AMY GOODMAN: While the collapse of this country’s financial system continues to send shock waves around the world, I’m joined on the telephone by bestselling author of The Shock Doctrine, Naomi Klein. Her latest article for the Huffington Post is called “Now Is the Time to Resist Wall Street’s Shock Doctrine.” Naomi Klein, welcome to Democracy Now!

NAOMI KLEIN: Thanks, Amy. Great to talk with you.

AMY GOODMAN: Explain. What do you mean?

NAOMI KLEIN: Well, the thesis of my book, what I mean by the “shock doctrine,” is that it is in times of crisis, it is in times when people are panicked, when we’ve seen again and again the right push through radical pro-corporate policies, what they call “free market reforms,” precisely because it is in a crisis where the space for debate rapidly closes, and you can invoke this state of emergency to say we have no choice.

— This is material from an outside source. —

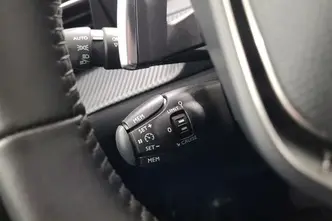 Peugeot 208, 1.2, 74 kW, bensiin, automaat, esivedu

And I think we’re seeing a very dramatic example of this tactic right now with this really extortionist kind of tactics playing out in Washington. You know, “Sign this blank check, or we’re all going down, or Main Street is going down, or taxpayers — you know, the sky will fall in on them.”

I’m also arguing that this is only stage one of the shock doctrine. They’re getting this — they’re lobbying for this huge bailout, obviously, but this bailout is a kind of a time bomb, because it’s all these bad debts, and they are going to explode on the next administration. I mean, we know that the Bush administration has already left the next administration with huge debt and deficit problems. They’ve just exploded those, expanded them. And what that means is that whoever the next president is is going to be inheriting this economic crisis that is being exacerbated by this bailout.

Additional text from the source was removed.